To the greatest extent practicable, the Task Force should engage firms that have the ability to provide timely data on investor purchases and impacted neighborhoods, including market platforms like Redfin and Zillow as well as CDFIs like the Reinvestment Fund. The Task Force should also engage the broad array of practitioners who are both witnessing and combatting this new surge in extractive capital and draw from the lessons and literature from the period following the Great Recession.

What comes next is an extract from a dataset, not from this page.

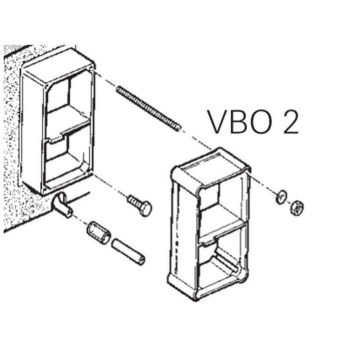 Komin przedłużka do bojlera VBO 2 - Truma 70131-00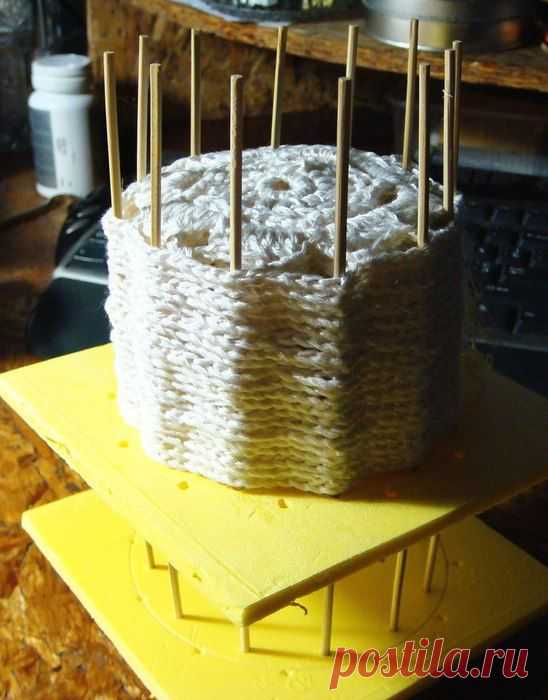 Гениально: приспособление для выравнивания и отпаривания мотивов. МК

The Task Force should provide answers to questions that are more urgent with each passing month:

  • How can federal tools be used to counter bulk purchases by outside investors at the same time we cultivate homeownership opportunities for Black and Brown homeowners and communities? What capital sources are available, and to whom? How can they be deployed fast enough to make a difference? What additional powers and products do FHA and the GSEs need to affect market dynamics (e.g., FHA and the GSEs have specific credit enhancement products for multifamily units across multiple buildings in a single development, which could encompass a multi-building approach to single family rentals. But we understand that there is no current GSE lease-purchase product, and no FHA authority for a lease-purchase effort with more than seven units.)
  • To what extent can tax advantaged capital, like Opportunity Zones, be used to create public private investment partnerships that support community equity growth and enable single family home purchase solutions? What legislative reforms would be most relevant? Might the newly reintroduced Opportunity Zone Transparency, Extension and Improvement Act be a vehicle to enable a mission-driven bulk purchase of single-family homes for ultimate conveyance to minority homebuyers? Can the Act’s proposed Community Dynamism fund seed community equity shares, as a group of us wrote about a few years ago,[6] to be repaid by the appreciating assets and return over time?
  • What can localities do to respond to the tsunami of parasitic capital? What interventions used in the aftermath of the Great Recession (e.g., strategic disposition of publicly owned assets, amplified use of code enforcement, deterrent effect of tax policy) can be adapted today? How might the work of the National Community Stabilization Trust, and its “first look” REO and other tools, inform solutions today?
  • Which enterprises have the capacities to simultaneously assemble land, renovate large parcels of frequently vacant single-family homes, and manage the lease to purchase process for thousands of aspiring homeowners? How can the country build a community of practice that ensures that growth in homeownership is accomplished alongside economic development tools, ideally braided with infrastructure sources, so that values are more likely to rise over time?

The housing market in the United States was broken before the pandemic. The speed and scale of investor purchases happening across the country could exacerbate the affordability crisis and change the fabric of neighborhoods.

Now is a time for clarity of focus and seriousness of purpose around a new vision of Community Equity. Our work has only just begun.

Bruce Katz is the Founding Director of the Nowak Metro Finance Lab at Drexel University. Lori Bamberger is the Managing Director of ABK City Advisors, an inclusive economic development firm.